The film won a couple of Oscars, and it’s notable for an excellent cast. Kevin Costner plays Garrison, an attorney who decides that JFK was victim of an establishment plot, and his performance is very powerful. His wife is played by Sissy Spacek, and other stellar names are Jack Lemmon, Walter Matthau, Tommy Lee Jones, Gary Oldman, Donald Sutherland and Ed Asner. The soundtrack is written by the excellent John Williams. All very impresive.
I am not familiar with the detail of the various theories about Kennedy’s murder, and my understanding is that, although Garrison was indeed a real-life crusader for the truth about the killing, there is an element (some would say, a large element) of fiction in Stone’s version of the story.
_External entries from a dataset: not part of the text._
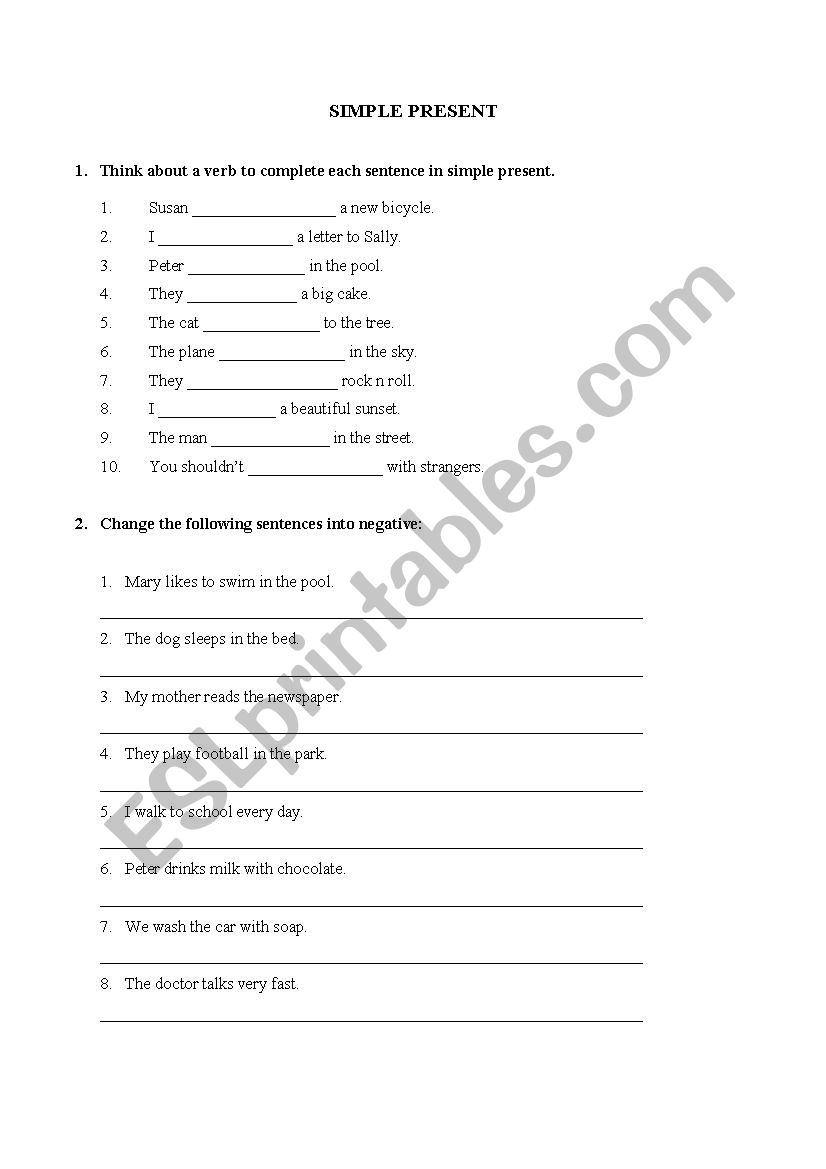 Simple Present Practice worksheet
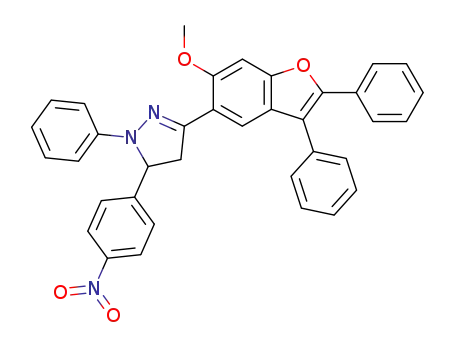Molecular Structure of 65829-35-8 (1H-Pyrazole,
4,5-dihydro-3-(6-methoxy-2,3-diphenyl-5-benzofuranyl)-5-(4-nitrophenyl)
-1-phenyl-)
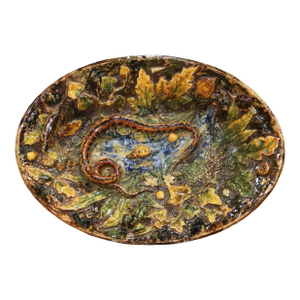 Early 20th Century French Palissy Majolica Platter With Snake, Frog, and Shells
This is a very long film indeed, and I have to admit that, despite my admiration for Costner, there were a number of times when my attention wandered. I may not know the truth about the case, but more importantly, I’m not sure that Oliver Stone does. There were moments when I did feel almost as if I were being repeatedly coshed by an angry person, determined to hammer his ideas into my head. I wasn’t anticipating such a test of endurance. Overall, JFK seemed to me to be a film with genuine merit, but by no means the masterpiece I’d hoped for. Maybe my expectations were just too high, maybe I wasn't in quite the right mood for it. But I do think that it would have appealed to me more had it been about an hour shorter.